(Dataset records)
BEGIN
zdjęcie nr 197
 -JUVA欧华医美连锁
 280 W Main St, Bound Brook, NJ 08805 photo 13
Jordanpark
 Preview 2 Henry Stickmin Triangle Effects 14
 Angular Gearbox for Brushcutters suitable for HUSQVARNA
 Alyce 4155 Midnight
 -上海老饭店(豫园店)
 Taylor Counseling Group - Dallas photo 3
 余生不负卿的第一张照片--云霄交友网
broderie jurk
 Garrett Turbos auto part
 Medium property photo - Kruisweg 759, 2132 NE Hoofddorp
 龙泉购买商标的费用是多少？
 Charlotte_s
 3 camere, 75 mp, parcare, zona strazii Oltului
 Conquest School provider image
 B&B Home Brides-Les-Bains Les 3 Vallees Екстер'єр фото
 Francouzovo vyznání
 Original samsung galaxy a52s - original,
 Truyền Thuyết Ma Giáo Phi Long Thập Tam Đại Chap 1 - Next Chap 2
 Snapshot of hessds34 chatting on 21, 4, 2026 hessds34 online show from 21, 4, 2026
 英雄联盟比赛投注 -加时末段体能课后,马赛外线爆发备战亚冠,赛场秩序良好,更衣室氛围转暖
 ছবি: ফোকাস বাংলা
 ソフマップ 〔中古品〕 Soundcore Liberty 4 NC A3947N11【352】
END
Above are the records; from them, give again exactly the lines from the one containing "280 W Main St, Bound" to the one containing "Original samsung galaxy", both lines included, and nothing more.

 280 W Main St, Bound Brook, NJ 08805 photo 13
Jordanpark
 Preview 2 Henry Stickmin Triangle Effects 14
 Angular Gearbox for Brushcutters suitable for HUSQVARNA
 Alyce 4155 Midnight
 -上海老饭店(豫园店)
 Taylor Counseling Group - Dallas photo 3
 余生不负卿的第一张照片--云霄交友网
broderie jurk
 Garrett Turbos auto part
 Medium property photo - Kruisweg 759, 2132 NE Hoofddorp
 龙泉购买商标的费用是多少？
 Charlotte_s
 3 camere, 75 mp, parcare, zona strazii Oltului
 Conquest School provider image
 B&B Home Brides-Les-Bains Les 3 Vallees Екстер'єр фото
 Francouzovo vyznání
 Original samsung galaxy a52s - original,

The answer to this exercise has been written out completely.